Life Site News explains:

UN Secretary General Ban Ki-moon promised that homosexual and transgender rights would advance at the United Nations despite the strain it will cause within the organization and between states.

[…]“This is not just a personal commitment, it is an institutional commitment,” he said, promising that he would “continue to fight” and that he would be the “first of many” Secretary Generals to take up LGBT rights, as part of the UN’s “sacred mission” to promote human rights.

Now for those who are more concerned about fiscal issues than social issues, you shouldn’t like the United Nations either.

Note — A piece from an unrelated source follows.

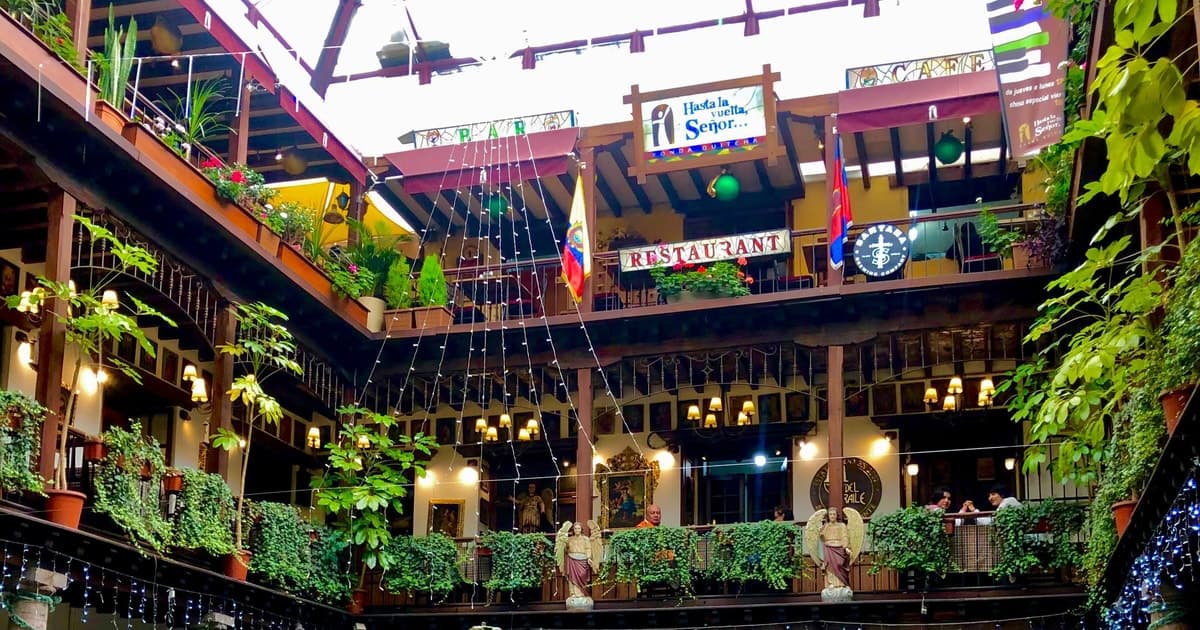 Casco antiguo de Quito: tour cultural y gastronómico a pie y compras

Here’s a column by Claudia Rossett in The Tower:

The results range from Security Council paralysis to watered-down resolutions that too often fail to solidly reflect U.S. interests. This has not been helped by U.S. policies outlined by President Obama when he told the UN General Assembly in 2009 that “No one nation can or should try to dominate another nation” and “No balance of power among nations will hold.” Far from taking this as an inspiration to live in brotherly peace and fill the communal pot, some of the more opportunistic UN member states appear to have received it as an invitation to grab whatever they can get. Russia and China have been ever more aggressively pursuing anti-American interests, including increasing engagement with terror-sponsoring Iran and actively preventing action to stop the atrocities in Syria. Following a spate of Security Council sanctions resolutions meant to stop Iran’s rogue nuclear program, in 2006, 2007, and 2008, the Council has not produced another since 2010. When civil war engulfed Syria starting in 2011, Russia blocked Security Council action for more than two years, until finally, in Sept., 2013, the U.S. deferred to a Russia-brokered deal to relieve Syria’s Assad regime of its chemical weapons in exchange for effectively shoring up Syria’s President Bashar Assad—and allowing the killing to continue unabated.

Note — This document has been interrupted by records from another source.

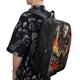 thumbnail image 5 of Película de Terror Michael Myers-theme Backpack, Campus style schoolbag Bookbag with Adjustable Shoulder Straps And Large Zip Compartment, Unisex Travel Bags., 5 of 6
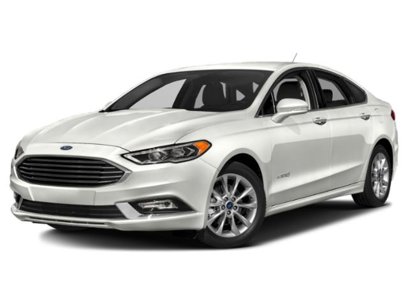 Used 2018 Ford Fusion SE w/ Equipment Group 602A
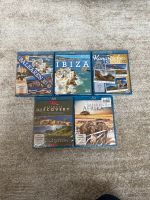 Blu-ray Balearen, Kanaren, Safari Afrika, Norwegen, Ibiza3D neu Kr. München - Aschheim Vorschau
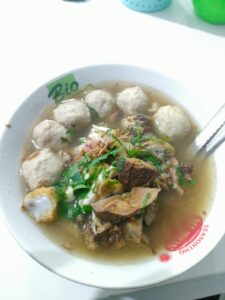 Kenikmatan Mie Bakso Awak Awai, Kuliner Penggugah Selera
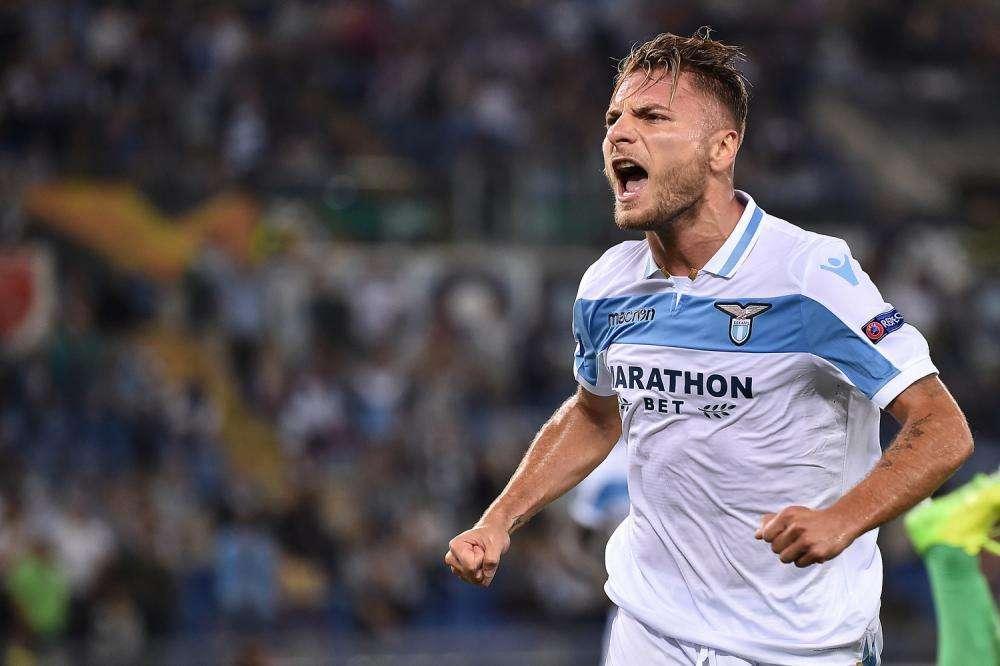 Eintracht Francoforte - Lazio, formazioni ufficiali: novità in attacco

In the General Assembly, U.S. money has similarly not bought friendship. On the contrary, U.S. funding has fostered an entitlement culture, in which the U.S. is not only taken for granted as a cash dispenser, but also systematically denounced and defied. Nations deeply hostile to the U.S. have made an art of twisting the UN system, flush with U.S. resources, for their own aims. A prime exhibit is Iran’s current three-year chairmanship (2012-2015) of the so-called Non-Aligned Movement, which with 120 members is the second-largest voting bloc in the UN General Assembly. At the UN’s New York headquarters, the largest voting bloc, the Group of 77, with 133 members, is currently chaired by Bolivia—where the anti-American government maintains close ties to Iran.

The practical results of such arrangements can be found in the annual reports submitted by the State Department to Congress on “Voting Practices in the United Nations.” The most recent report, released last April and covering 2012, records that of all General Assembly resolutions put to a vote, fewer than half the UN member states—just 42.5 percent—aligned themselves with the U.S. For votes on resolutions the State Department judged “important,” the coincidence of countries voting with the U.S. was even lower: a mere 35.4 percent.

We’re not getting good value for money here… we’d be better off using that money on our own military and military alliances, e.g. – NATO.

And if you care most about foreign policy, well… the United Nations is still not for you.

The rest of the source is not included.